#### REQUIRED WORK
Only the lines below from the one containing "Imagen de archivo" through the one containing "2013 Dodge Caravan - Image 14" belong in the answer, repeated exactly and without pictures.

#### EXCERPTED RECORDS
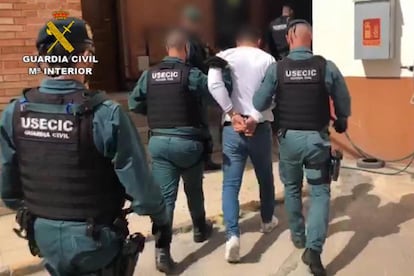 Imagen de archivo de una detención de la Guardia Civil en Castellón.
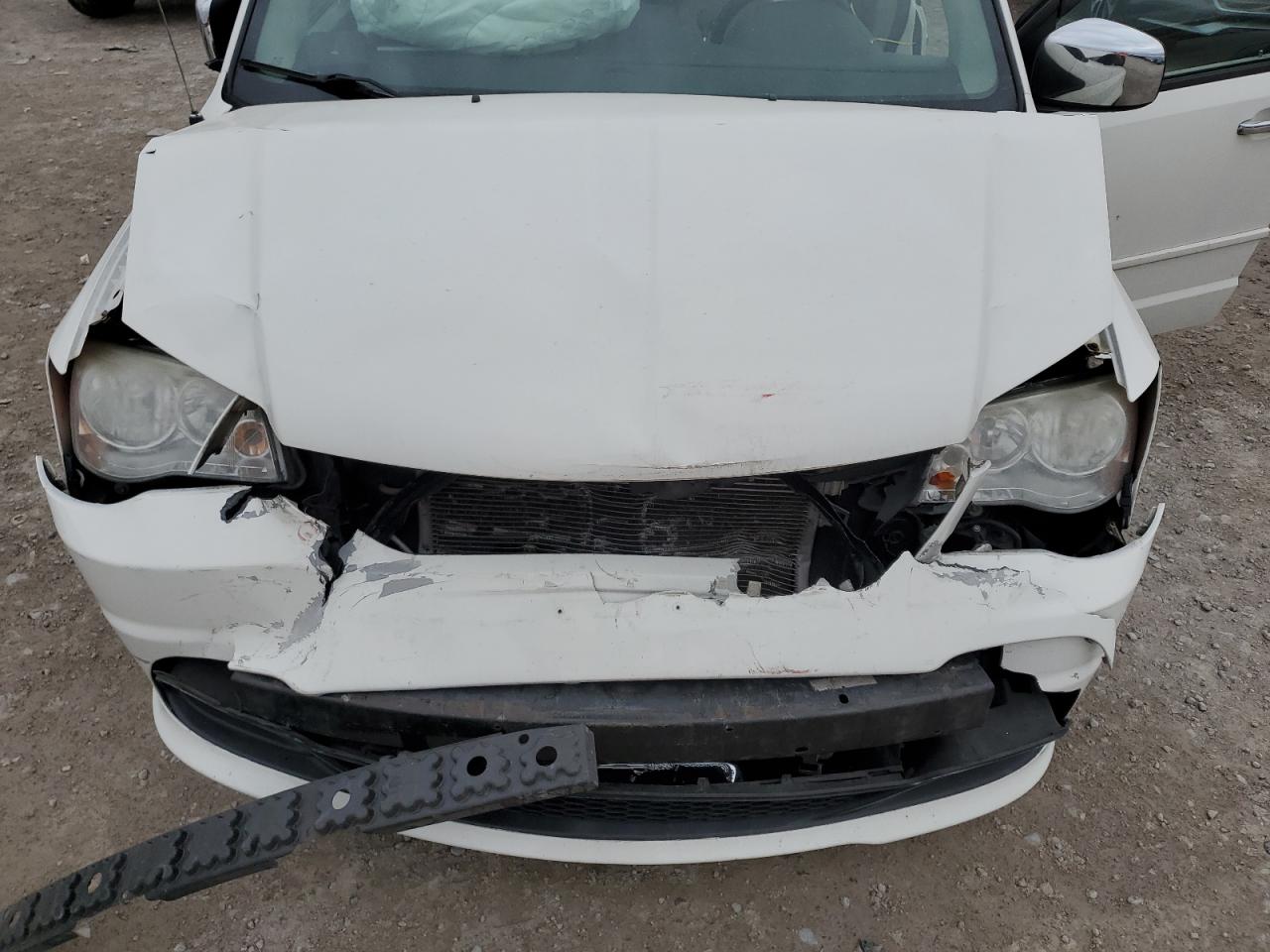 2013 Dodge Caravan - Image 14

* * *

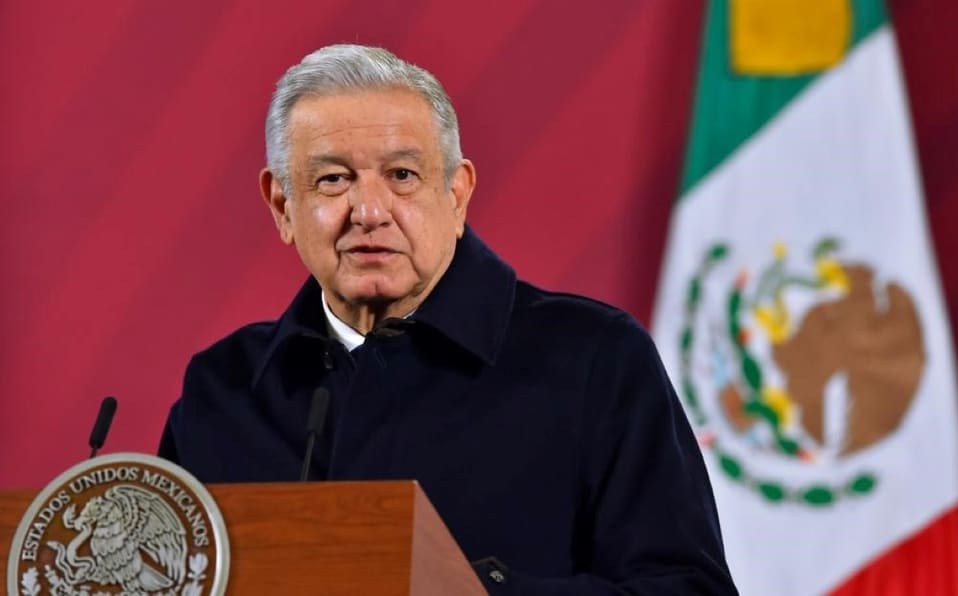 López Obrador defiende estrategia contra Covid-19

==

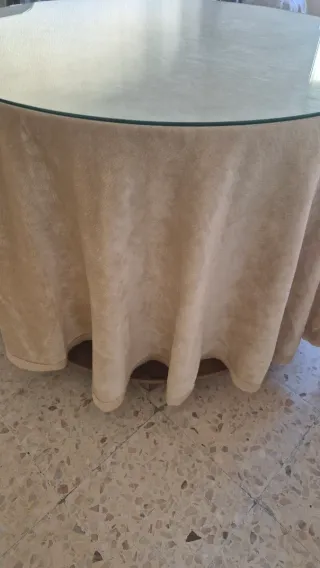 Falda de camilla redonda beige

#### RESPONSE TO THE TASK
 Imagen de archivo de una detención de la Guardia Civil en Castellón.
 2013 Dodge Caravan - Image 14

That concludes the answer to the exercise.